On August 6, 2014, defendant Triangle issued a press release and filed its Form 10-Q to announce its financial results for the second quarter of 2014, and defendant Tucker stated in the press release that "the second quarter of 2014 was robust on all fronts . . . [a]gain it is an exciting time for Triangle and it gives me great pleasure to be able to share such good news with our investors." (Compl. ¶ 38; 2014 Q2 Form 10-Q (DE 78-6)). On August 7, 2014, defendant Triangle held an earnings call with analysts and investors, where defendant Lilly stated that "we have taken advantage of what we perceived to be high-quality investment opportunities at attractive price points." (Compl. ¶ 39; 2014 Q2 Earnings Call (DE 78-7) at 4).

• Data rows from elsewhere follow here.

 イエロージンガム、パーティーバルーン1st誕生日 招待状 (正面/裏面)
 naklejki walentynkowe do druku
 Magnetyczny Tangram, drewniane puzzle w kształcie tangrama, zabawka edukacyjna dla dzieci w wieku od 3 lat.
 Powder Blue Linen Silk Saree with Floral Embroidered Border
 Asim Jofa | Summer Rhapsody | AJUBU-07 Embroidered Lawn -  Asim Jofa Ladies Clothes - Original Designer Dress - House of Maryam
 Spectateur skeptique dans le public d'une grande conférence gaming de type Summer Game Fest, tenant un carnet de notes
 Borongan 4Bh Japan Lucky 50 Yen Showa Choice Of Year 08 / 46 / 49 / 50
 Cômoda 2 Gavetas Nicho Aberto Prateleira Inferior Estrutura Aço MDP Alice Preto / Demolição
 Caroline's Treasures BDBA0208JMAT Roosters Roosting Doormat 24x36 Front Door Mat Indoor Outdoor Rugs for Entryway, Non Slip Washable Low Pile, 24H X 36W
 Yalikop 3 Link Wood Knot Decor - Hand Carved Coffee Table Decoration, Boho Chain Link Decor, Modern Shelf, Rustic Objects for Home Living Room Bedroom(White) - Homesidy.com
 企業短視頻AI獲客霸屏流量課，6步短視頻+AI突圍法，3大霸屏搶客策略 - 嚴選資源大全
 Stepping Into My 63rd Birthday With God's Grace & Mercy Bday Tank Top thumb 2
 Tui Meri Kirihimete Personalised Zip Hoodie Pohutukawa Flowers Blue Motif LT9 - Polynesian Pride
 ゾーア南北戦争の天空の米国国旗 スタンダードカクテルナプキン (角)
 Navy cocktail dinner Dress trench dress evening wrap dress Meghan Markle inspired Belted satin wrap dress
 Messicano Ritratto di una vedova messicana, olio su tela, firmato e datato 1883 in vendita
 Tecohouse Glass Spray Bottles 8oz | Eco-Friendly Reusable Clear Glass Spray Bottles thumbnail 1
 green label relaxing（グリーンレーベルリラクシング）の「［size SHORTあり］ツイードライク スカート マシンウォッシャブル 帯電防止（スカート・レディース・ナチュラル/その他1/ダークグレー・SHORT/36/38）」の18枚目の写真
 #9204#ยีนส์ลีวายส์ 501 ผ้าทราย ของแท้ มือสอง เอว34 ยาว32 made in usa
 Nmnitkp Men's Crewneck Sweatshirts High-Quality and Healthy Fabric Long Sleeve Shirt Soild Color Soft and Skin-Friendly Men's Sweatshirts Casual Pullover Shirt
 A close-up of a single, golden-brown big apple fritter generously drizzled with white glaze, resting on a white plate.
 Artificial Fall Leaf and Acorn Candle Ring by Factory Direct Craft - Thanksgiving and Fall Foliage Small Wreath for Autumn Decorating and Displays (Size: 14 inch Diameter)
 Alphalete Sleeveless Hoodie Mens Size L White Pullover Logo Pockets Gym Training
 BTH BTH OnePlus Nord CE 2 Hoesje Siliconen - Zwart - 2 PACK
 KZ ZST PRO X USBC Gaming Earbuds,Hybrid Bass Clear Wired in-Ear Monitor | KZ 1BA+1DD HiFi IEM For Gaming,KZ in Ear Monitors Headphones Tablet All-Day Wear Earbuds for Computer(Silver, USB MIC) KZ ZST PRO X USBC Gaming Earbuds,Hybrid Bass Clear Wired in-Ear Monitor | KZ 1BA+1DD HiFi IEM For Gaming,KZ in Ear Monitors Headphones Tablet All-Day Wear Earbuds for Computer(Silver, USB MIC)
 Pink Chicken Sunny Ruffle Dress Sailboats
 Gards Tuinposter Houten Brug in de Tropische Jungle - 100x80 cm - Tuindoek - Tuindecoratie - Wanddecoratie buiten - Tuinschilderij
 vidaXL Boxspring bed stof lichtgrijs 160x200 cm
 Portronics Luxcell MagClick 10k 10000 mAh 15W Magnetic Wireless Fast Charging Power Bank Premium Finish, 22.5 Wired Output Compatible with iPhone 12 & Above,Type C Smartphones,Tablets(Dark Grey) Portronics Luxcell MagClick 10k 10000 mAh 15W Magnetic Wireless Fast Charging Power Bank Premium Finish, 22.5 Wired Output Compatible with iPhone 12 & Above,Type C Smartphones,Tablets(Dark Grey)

On November 5, 2014, defendant Triangle issued a press release and filed its Form 10-Q announcing the company's financial results for the third quarter of 2014. (Compl. ¶ 41; 2014 Q3 Press Release (DE 78-9) at 7; 2014 Q3 Form 10-Q (DE 78-8)). On November 6, 2014, defendant Triangle held its quarterly earnings call. (Compl. ¶ 42; 2014 Q3 Earnings Call (DE 78-10)). In that call, defendant Tucker stated "[w]e are pleased that the origination portion of our business is operating so well. Our investment pipeline has been robust all year. . . ." (Compl. ¶ 42; 2014 Q3 Earnings Call (DE 78-10) at 3). Defendant Poole also stated that, with respect to the amount of opportunities coming in the door and the opportunities that defendant Triangle chose to pursue, "I can safely say that our pipeline is healthy." (Compl. ¶ 42; 2014 Q3 Earnings Call (DE 78-10) at 8).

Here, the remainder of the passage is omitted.